Questa tipologia di contratto può essere applicata sia per i docenti che per il Personale ATA.
Nel dettaglio si tratta di una supplenza senza scadenza prefissata. Di solito si tratta di una supplenza breve, che non supera i 10 giorni, e che terminerà non appena sarà nominato il titolare della cattedra (da Gps o dalle nuove GI). Entrare come docente fino all’avente diritto significa comunque prendere servizio, entrare in classe e fare lezione, avere una retribuzione e acquisire punteggio utile di servizio.

Quando si può stipulare questo incarico

L’incarico fino all’avente diritto può essere stipulato solo in tre casi:
– convocazioni con scorrimento dalla III fascia delle GI;
se l’istituzione scolastica è oggetto di dimensionamento;
incarichi da elenchi aggiuntivi e II fascia delle quali si attende la graduatoria (sostegno, strumento musicale).

In questo caso ‘l’avente diritto’ che si attende per la nomina, è il docente non ancora inserito nelle graduatorie in oggetto e che avrebbe priorità nel conferimento. Il Ministero ha infatti chiarito che a seguito del passaggio degli abilitati dalla III alla II fascia, i dirigenti degli Uffici scolastici regionali avranno il compito di inviare comunicazione alle istituzioni scolastiche dei rispettivi territori per avviare le nuove convocazioni sui posti disponibili.

Conviene accettare l’incarico?

Quando si stipula un contratto fino all’avente diritto non si è a conoscenza della durata dell’incarico. Si può restare su quel posto per un solo giorno, una settimana o si può anche veder prorogato l’incarico fino alla fine dell’anno.
Poiché è un contratto di sostituzione di un insegnante che c’è, ma che non si sa quando potrà prendere servizio e se lo prenderà, il docente che accetta di lavorare su quel posto deve essere consapevole che potrebbe dover lasciare la supplenza in qualsiasi momento. Non è una tipologia di supplenza che infatti molti accettano, poiché, soprattutto per chi si sposta da una regione all’altra, può significare rimanere in cattedra per pochi giorni, non acquisire giorni a sufficienza per fare punteggio ed avere poca retribuzione.
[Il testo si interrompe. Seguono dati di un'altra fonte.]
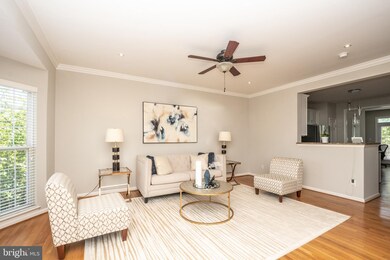 2558 Banshire Dr, Herndon, VA 20171 - photo 7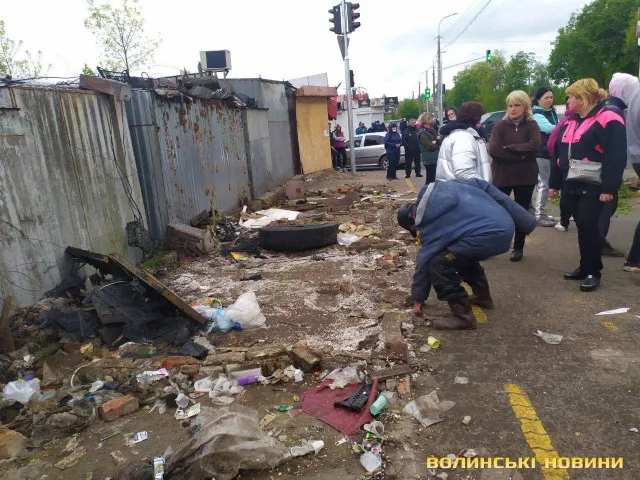 Автомобілем на людей: базарники чинять опір поліції та муніципалам (фото, відео)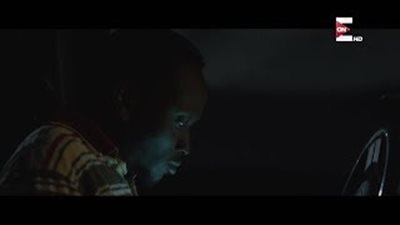 «غرباب» صاحب صاحبه.. أفريقي يضحي من أجل عمرو يوسف في «طايع» (فيديو)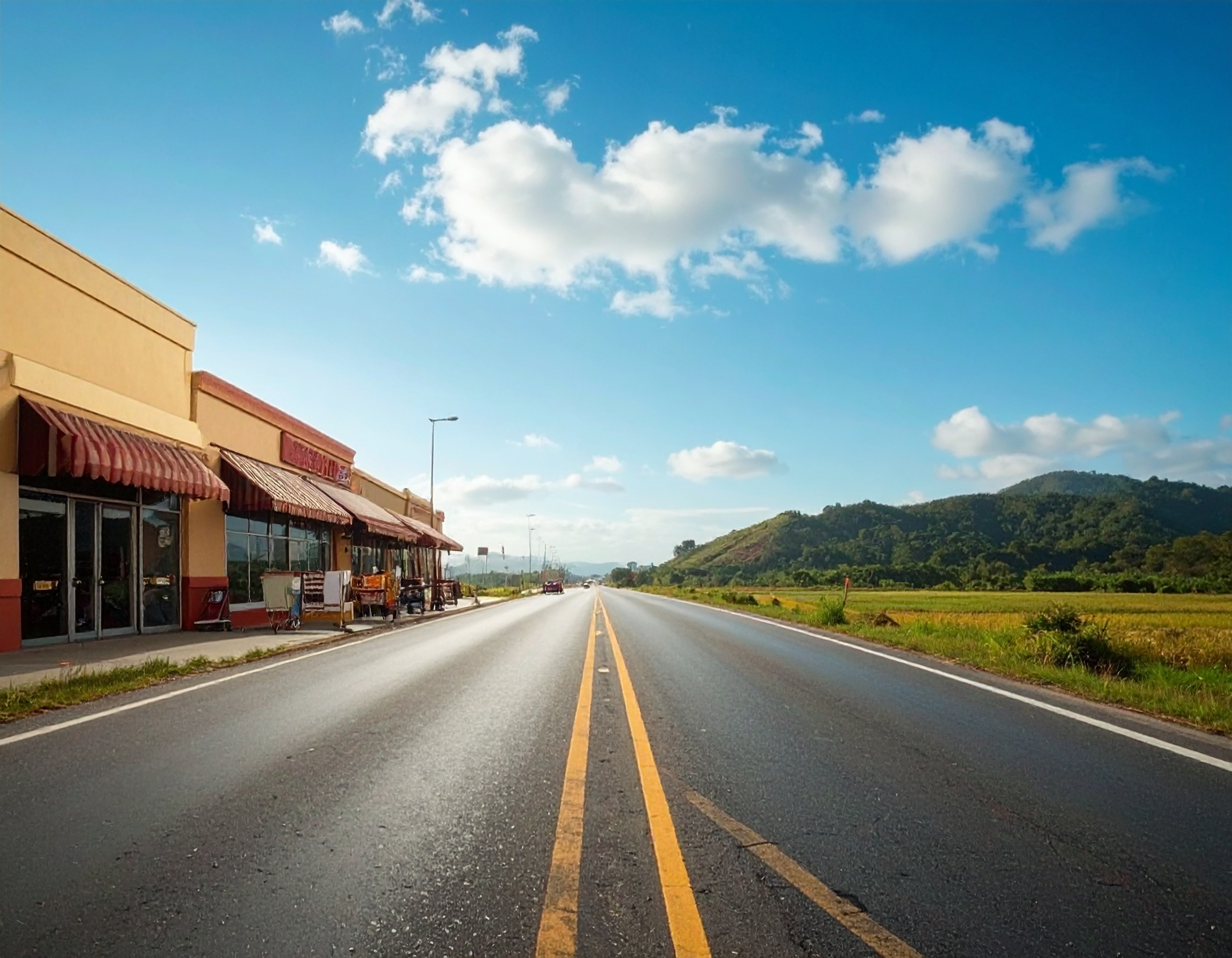 Differentiating your Shopify Store: Custom Liquid Themes vs. Headless Shopify in 2025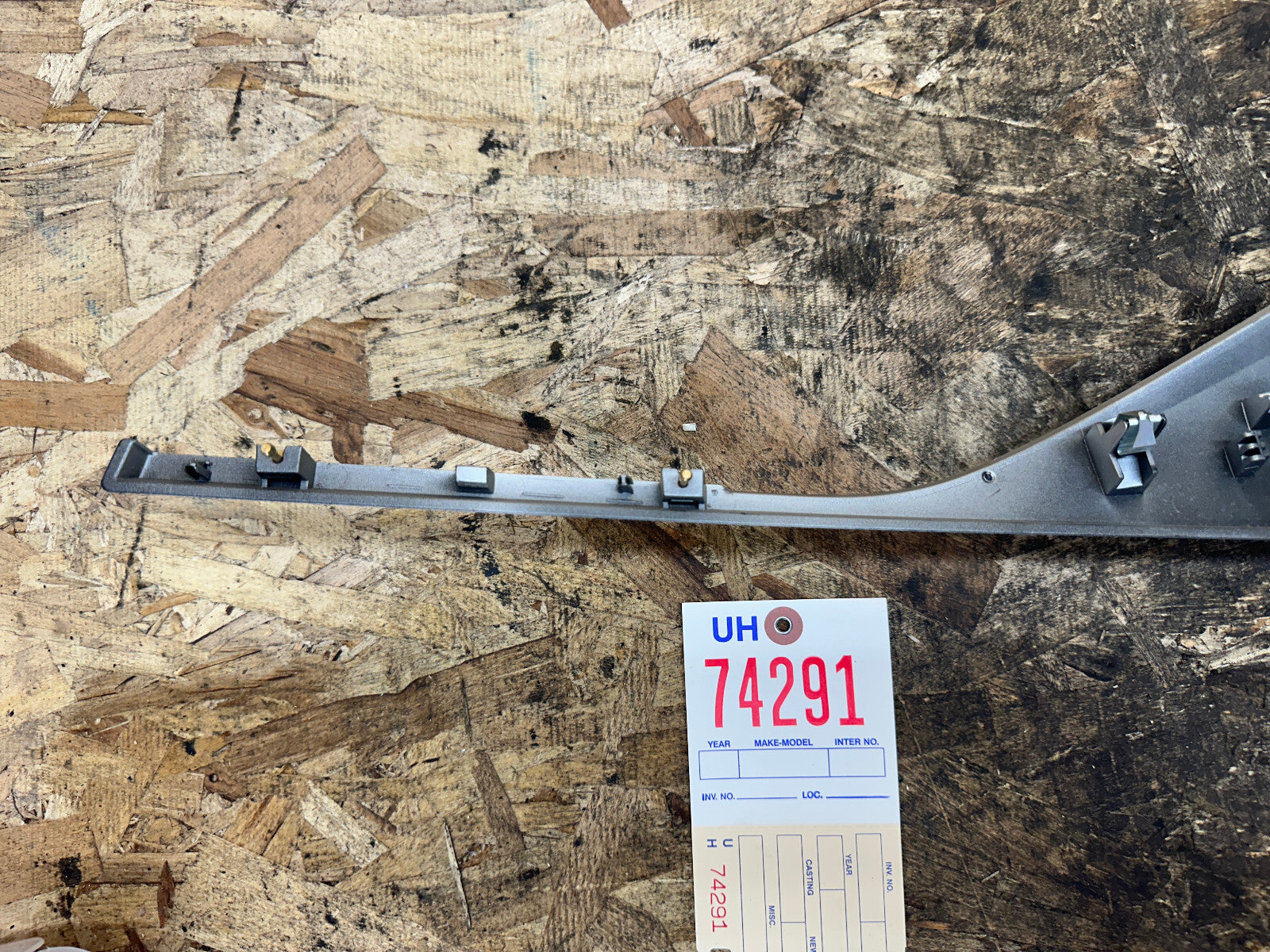 BMW 2011-2019 F30 F32 3 4 SERIES LEFT DASH VENT TRIM ALUMINUM OEM 9231206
Si può lasciare l’incarico una volta firmato?

Poiché questa tipologia di contratto è tra le meno sicure in relazione al periodo in cui si può stare su quel posto, è anche possibile fare delle scelte: se arriva altra convocazione di una durata specifica, a anche altro contratto di incarico, è possibile lasciare questa tipologia di supplenza.